Professor Nomedas’ comment highlights the complications that arise when concepts firmly entrenched in one society are introduced into another as “universal” values. As a result, a common perception in Lithuania was that western values were supposed to change Eastern European culture but meanwhile the western states had nothing to learn from post-Soviet experiences. The impact of such perceptions was a clear differentiation in the kinds of hierarchies valued in Lithuanian Holocaust education. The issue was not simply that many Lithuanian teachers did not want to discuss the Holocaust; what they wanted was to see a shift in who was discussing it in their communities.

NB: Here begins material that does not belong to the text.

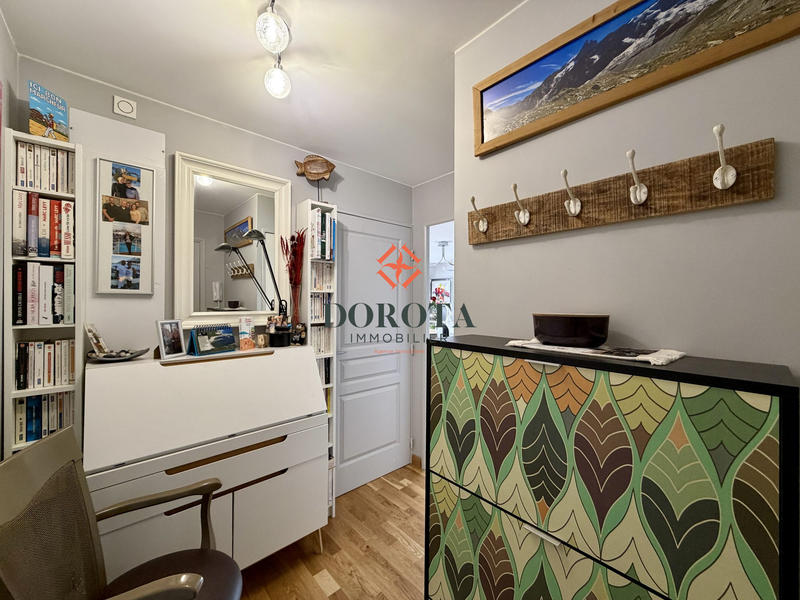 Appartement - 52 m² - 2 pièces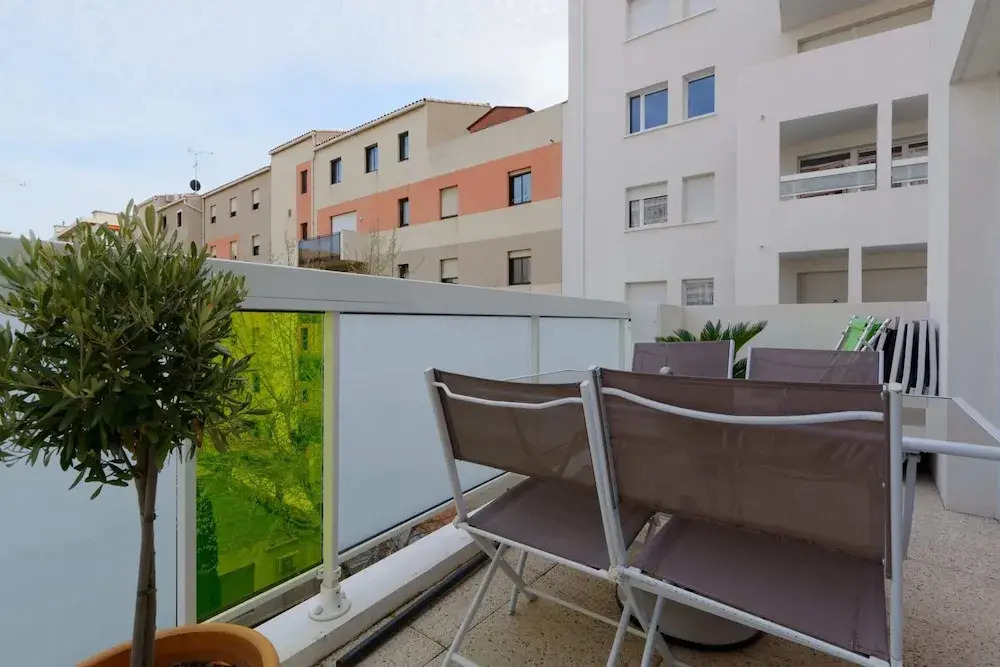 Rouet Appartement privé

In light of the negative attitudes toward international involvement in Holocaust education, teachers wanted more direct involvement by school directors to help counter the perception that the Holocaust was not relevant at the local level. Therefore, many teachers saw that two factors were fundamental to forward movement in future Holocaust education programmes: more local support, and less international political pressure.

Conclusions

In Lithuania, top-down decision making continues to be an important element of the educational system, although teachers sometimes try to negotiate around this hierarchy in practice. Overall, teachers working on Holocaust education wanted to see more institutional support for their efforts, but their own support for a top-down hierarchy depended on the source. Programmes introduced into Lithuania by western agencies were viewed as hindering rather than helping teacher efforts because they drew attention to the Holocaust as an “outside” political issue. Therefore, they saw international political pressure on Lithuania as a reason to avoid talking about the Holocaust because such conversations made it harder to recruit local colleagues for school programmes. The negative perceptions that Lithuanians held about international involvement in Holocaust education meant that teachers saw school directors as being even more important to motivating teachers to participate. Responding to a school culture that allowed peers to criticise their efforts on Holocaust education, many teachers wanted school directors to hold their colleagues accountable for creating a more supportive environment. However, school directors revealed that they were also subject to broader political pressures, and therefore many blamed the politics of institutional hierarchy as a reason not to develop Holocaust education. Overall, the Lithuanian case demonstrates the need for further study on the role of power and politics in Holocaust education in post-Soviet states.